COLUMBIA, Mo 2/10/14 (Analysis) -- Two journalists known for tackling tough issues have taken the gloves off over a Columbia export that's getting a notorious reputation: powerful developers.

"How Columbia developer Jeffrey E. Smith funnels his money to Missouri Speaker of the House Tim Jones (R)...is Exhibit A in the drive for ethics and campaign finance reform in Missouri," St. Louis Post-Dispatch editorial page editor Tony Messenger wrote in a January profile of Smith's high-dollar donations to state politicians.

Across the country, veteran broadcast journalist Cindy Vandor -- who won awards for covering the L.A.-Rodney King riots -- is reminding that citizens facing poorly-planned developments are not unique to Columbia.  A longtime Malibu, Calif. resident, Vandor is taking on the City of Malibu and Paige Laurie Dubbert, the Wal-Mart heiress and Columbia native, over what Vandor calls "illegal and dangerous loading zones" Laurie-Dubbert built for her shopping center.

Better known for a plagiarism scandal that forced Mizzou administrators to remove her name from the arena her parents, Bill and Nancy Laurie, helped build, Laurie-Dubbert later surrendered her USC degree.   She and her uncle -- Columbia developer Stan Kroenke -- live and work in Malibu part of the year. 

Exasperation -- over the way money buys influence, conceals the truth, and endangers the public -- is evident in both Messenger's editorial and Vandor's testimony before the Malibu Planning Commission.

"What is that thing at the corner of Pacific Coast Highway and Trancas Canyon Road?" Vandor asks the Commission about one of the loading zones.  Her voice resonates with a bite that would raise eyebrows here.  
 
"I don't have a clue," one of the Commissioners responds. "Looks like a loading zone to me."

"Why was Paige Dubbert allowed to build it and what are you all going to do about it?" Vandor fires back. 
 
A former Columbia Daily Tribune columnist known for his hard-hitting editorials, Messenger wants to know why Jeff Smith is allowed to sneak large donations past Missouri Ethics Commission rules.   He's done it for years, Messenger claims, to save and expand tax credit programs designed to help low-income senior citizens that have made Smith one of Missouri's richest men.
 
"Mr. Smith is using Missouri’s opaque campaign finance laws to hide his outsized influence that allows him to pad his profits," Messenger writes. "He gets nonprofits, senior citizens, and the disabled to fight his battles for him."

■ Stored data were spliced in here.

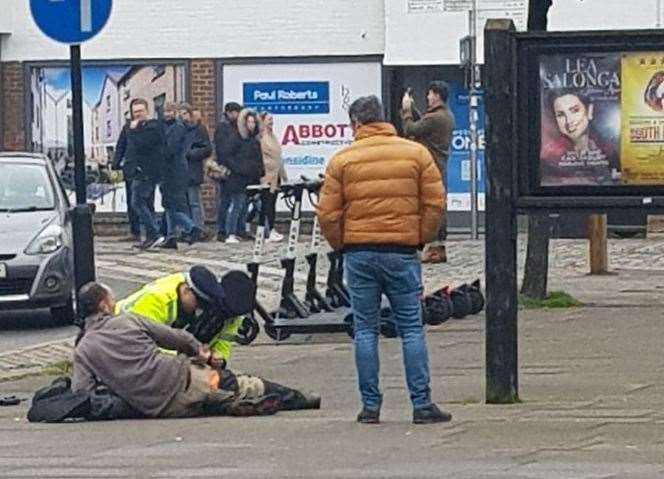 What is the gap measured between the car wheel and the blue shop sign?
11.2 meters

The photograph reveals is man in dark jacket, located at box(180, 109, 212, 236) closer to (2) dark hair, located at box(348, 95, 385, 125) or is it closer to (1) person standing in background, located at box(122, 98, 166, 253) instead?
(1) person standing in background, located at box(122, 98, 166, 253)

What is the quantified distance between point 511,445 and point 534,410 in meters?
1.50

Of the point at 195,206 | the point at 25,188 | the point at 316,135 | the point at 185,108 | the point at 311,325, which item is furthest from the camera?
the point at 316,135

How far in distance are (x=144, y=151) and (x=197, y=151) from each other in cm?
144

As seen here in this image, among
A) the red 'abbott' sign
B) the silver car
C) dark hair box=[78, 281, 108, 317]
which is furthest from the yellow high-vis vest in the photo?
the red 'abbott' sign

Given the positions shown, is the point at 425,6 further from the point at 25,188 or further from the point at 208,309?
the point at 208,309

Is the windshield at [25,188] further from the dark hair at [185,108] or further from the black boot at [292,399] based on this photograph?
the dark hair at [185,108]

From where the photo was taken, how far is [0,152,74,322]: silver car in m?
17.2

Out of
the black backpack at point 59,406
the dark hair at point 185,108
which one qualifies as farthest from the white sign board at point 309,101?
the black backpack at point 59,406

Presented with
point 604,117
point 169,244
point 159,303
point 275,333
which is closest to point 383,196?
point 604,117

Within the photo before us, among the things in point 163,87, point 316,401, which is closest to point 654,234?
point 163,87

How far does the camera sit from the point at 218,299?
12.2 m

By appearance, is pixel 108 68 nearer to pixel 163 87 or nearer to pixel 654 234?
pixel 163 87

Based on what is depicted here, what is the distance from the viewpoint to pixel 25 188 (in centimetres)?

Especially galling are the names Smith hides behind:  "Advocacy for Special Needs," "Coalition for Disability Rights" and "Alliance for Elderly Health Care."  It's all part of what Messenger has characterized as a "dirty money-laundering business"  designed to conceal campaign contributions.

The public impact of money-driven decisions is evident to both Vandor and Messenger. 

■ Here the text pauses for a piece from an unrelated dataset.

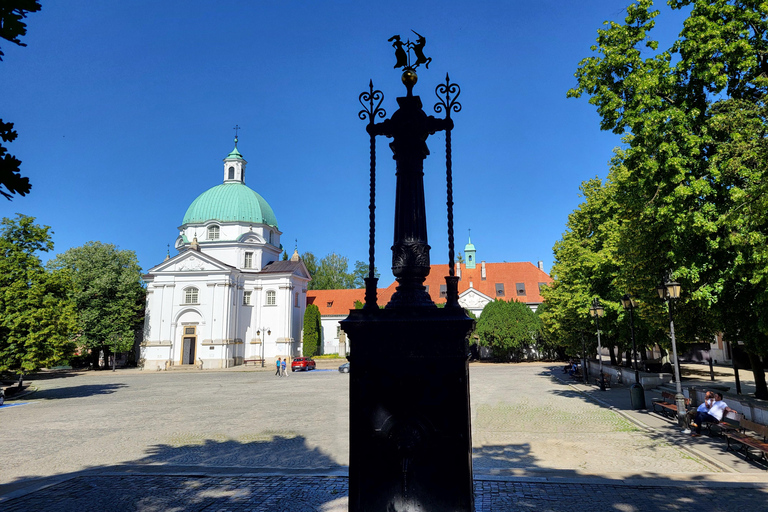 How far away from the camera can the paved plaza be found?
7312mm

Pacific Coast Highway is one of America's most dangerous, Vandor tells her Planning Commission.  To permit a loading zone on it that violates building codes is to invite deadly accidents.  

Her testimony, however, brings mostly dismissive sighs from Commissioners, who cannot explain why the loading zones were permitted.   "Act One of the Malibu drama," a Commissioner exclaims after Vandor's testimony concludes. 

The Smith-driven tax credits, meanwhile, "have grown so large that they are choking off other budget needs," Messenger explains.  "When the state parcels out tax dollars, folks like Mr. Smith get their take before schoolchildren. Before college students. Before the mentally ill.  That’s just wrong."